++++ EXERCISE DATA

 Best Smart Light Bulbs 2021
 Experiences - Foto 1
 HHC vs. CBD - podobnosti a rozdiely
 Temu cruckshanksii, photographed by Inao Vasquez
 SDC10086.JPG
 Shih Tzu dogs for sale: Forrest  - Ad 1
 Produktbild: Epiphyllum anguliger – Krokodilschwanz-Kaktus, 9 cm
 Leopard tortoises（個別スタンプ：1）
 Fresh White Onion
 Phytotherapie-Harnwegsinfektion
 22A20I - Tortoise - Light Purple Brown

++++++++
++++ EXERCISE DATA

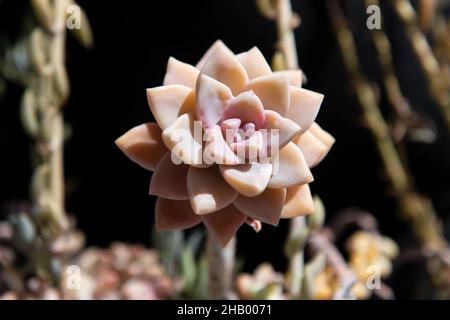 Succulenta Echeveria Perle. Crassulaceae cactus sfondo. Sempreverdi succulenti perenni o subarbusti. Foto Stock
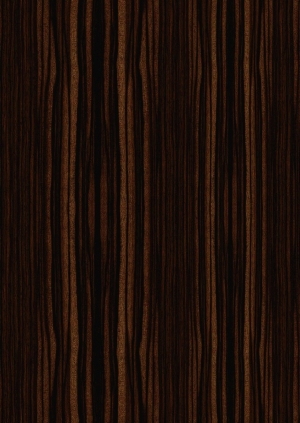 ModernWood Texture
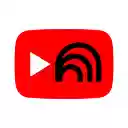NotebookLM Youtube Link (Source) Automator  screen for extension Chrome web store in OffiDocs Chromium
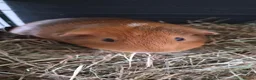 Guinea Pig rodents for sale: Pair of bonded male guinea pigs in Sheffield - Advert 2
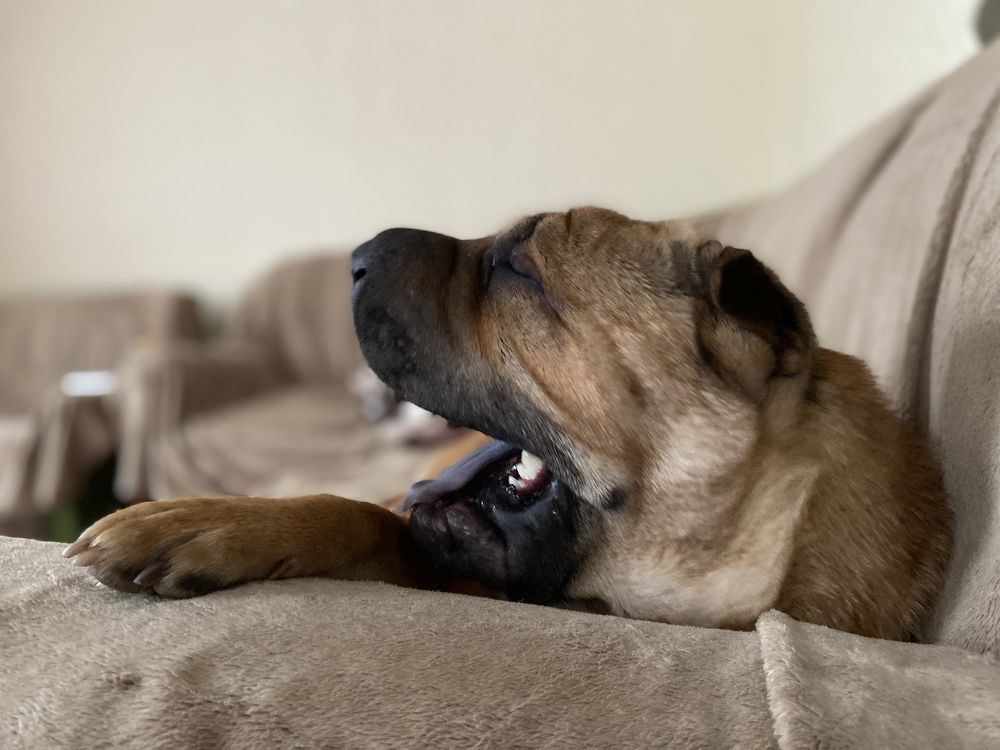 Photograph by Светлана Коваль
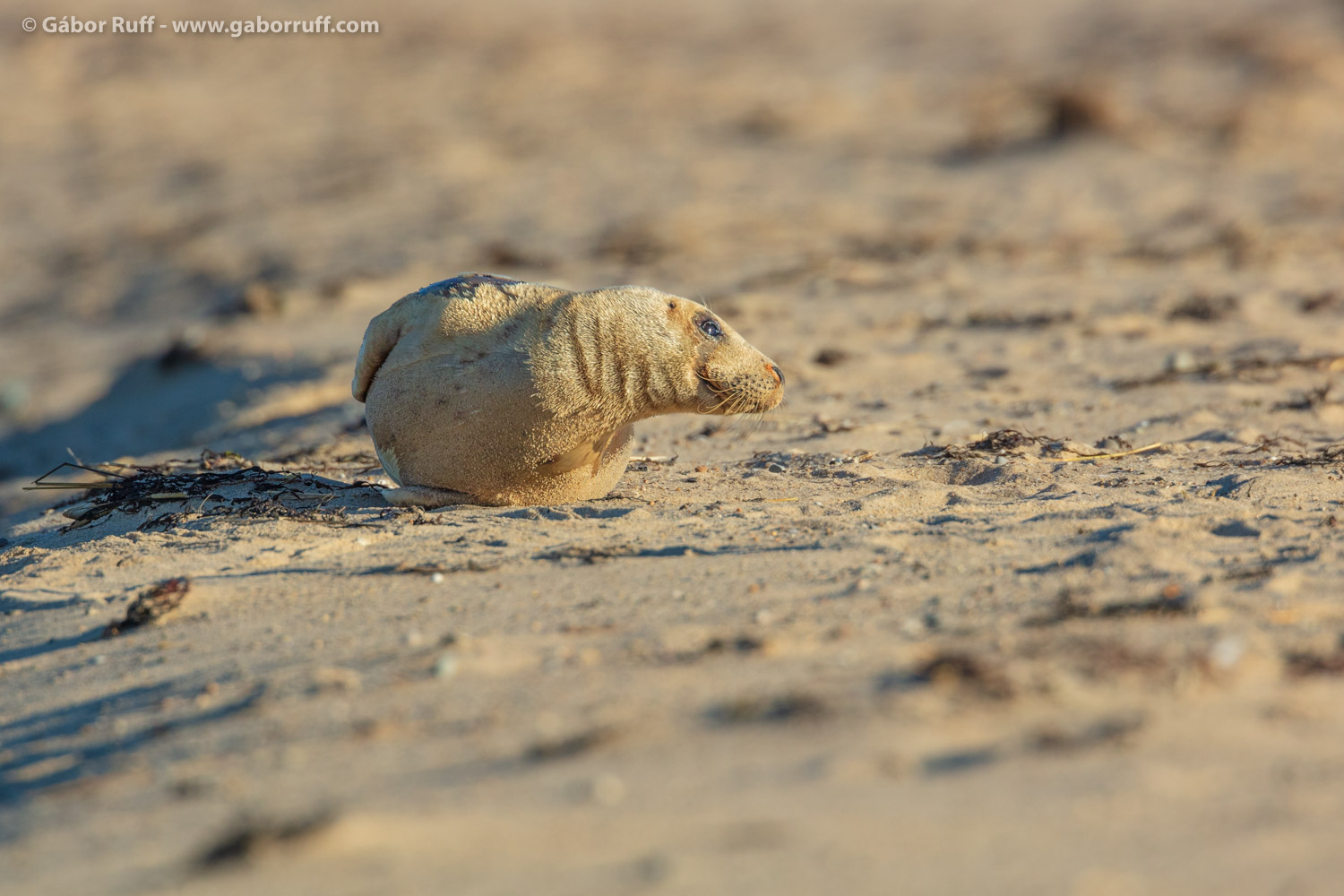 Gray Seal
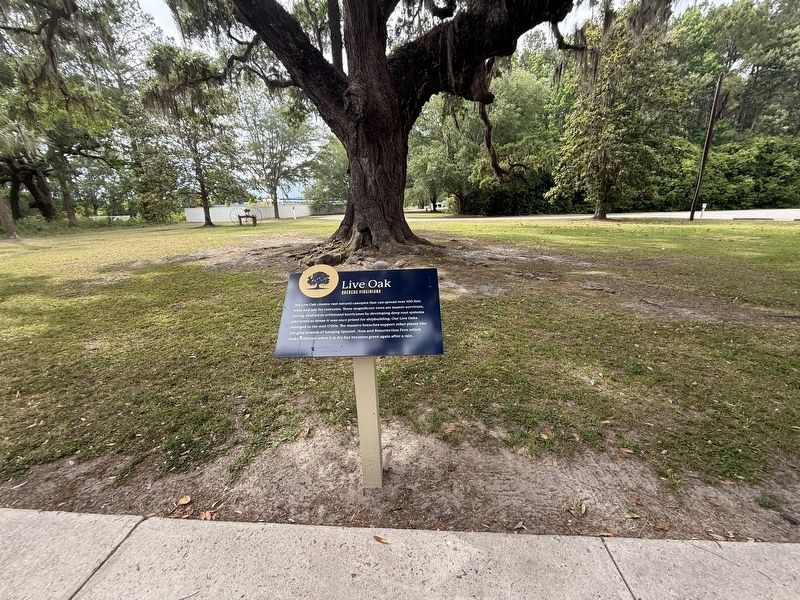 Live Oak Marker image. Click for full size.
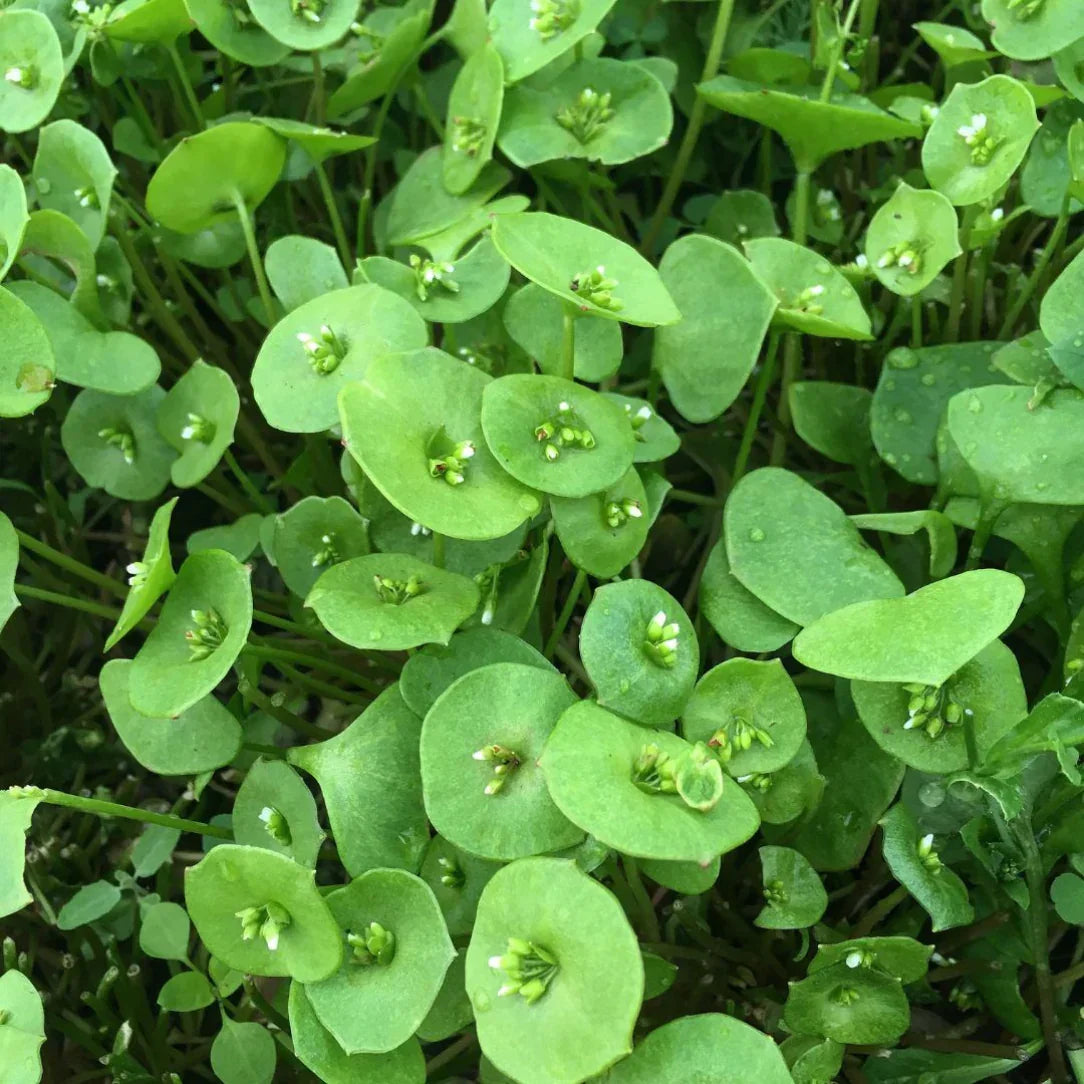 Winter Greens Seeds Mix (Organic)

++++++++

- **EXERCISE DETAILS**
Reproduce exactly the lines above from the line with "Experiences - Foto 1" to the line with "22A20I - Tortoise - Light Purple Brown", including both, and add nothing.

- **SOLUTION TO THIS EXERCISE**
 Experiences - Foto 1
 HHC vs. CBD - podobnosti a rozdiely
 Temu cruckshanksii, photographed by Inao Vasquez
 SDC10086.JPG
 Shih Tzu dogs for sale: Forrest  - Ad 1
 Produktbild: Epiphyllum anguliger – Krokodilschwanz-Kaktus, 9 cm
 Leopard tortoises（個別スタンプ：1）
 Fresh White Onion
 Phytotherapie-Harnwegsinfektion
 22A20I - Tortoise - Light Purple Brown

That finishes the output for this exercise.